Goal Seek can be found on the Data ribbon, under What-If Analysis. It simply asks for three parameters. Set cell refers to the cell we want to contain the goal value. In this case it is E2, the cell showing the profit on apples. The value in the To value box should represent the goal, in this case 25, representing the desired £25 profit. Finally, the By changing cell box should show the cell reference for the cell to be manipulated in order to achieve the goal, in this case the markup.
Upon pressing OK, Excel will look for a solution, displaying a dialog box like the one below when it has finished. Note that in the example below, cell C2 has been updated to show a 250% markup and cell E2 showing the profit has updated accordingly. Pressing OK will confirm these changes and commit them to the worksheet, while pressing cancel will see the cells revert back to their previous values.
Scenario summaries give a table showing data from various scenarios, however, they do not update if the data they are based upon changes. In the apple sales example, we might not need scenarios based on the cost price, as this is a non-controllable factor, yet it could still change in the future. The scenario summaries based upon it would not change if this was updated, whereas a data table would.
Data tables can be based on either one or two variables. For a single variable, a two column data table is required. The first column should contain the variable, whilst the second should be left blank for Excel to populate. The exception to this is the very first row, where the second column should show the formula on which the calculation is based.

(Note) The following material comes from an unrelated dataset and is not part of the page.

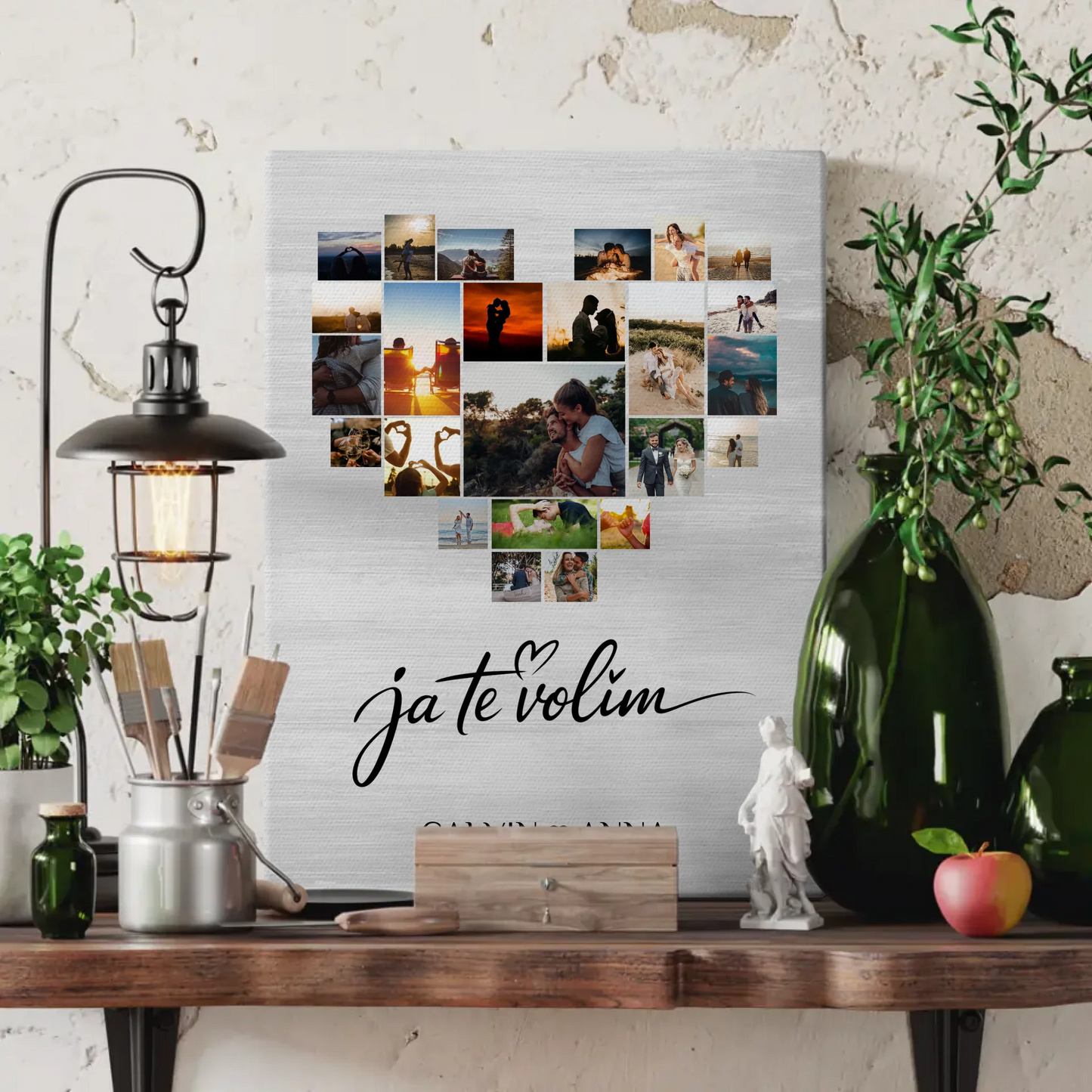 Personalisierte Fotoleinwand Fotocollage Ja Te Volim Geschenke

To populate the data table, select the entire table (in the case of this example this would be cells H2 to I6) and navigate to What-If Analysis on the Data ribbon, and choose Data Table from the drop down menu. On the dialog box that appears, select the cell containing the variable as the column input cell. This tells Excel to use the value in the input column instead of this cell in the formula performing the calculation. Press OK, and Excel will populate the rest of the data table.
A two variable data table works in much the same way, however the layout is slightly different. Instead of consisting of two columns, there should be one column containing the values for the first variable, with a row containing the values for the second variable. The formula should go in the top left corner, where the two meet.
As with a single variable data table, highlight the entire table, so B6 to F10 in the example, and select Data Table from the What-If Analysis Dropdown on the Data ribbon. This time, enter the cells containing both the row and column variables in the formula. Press OK, and Excel will populate the table.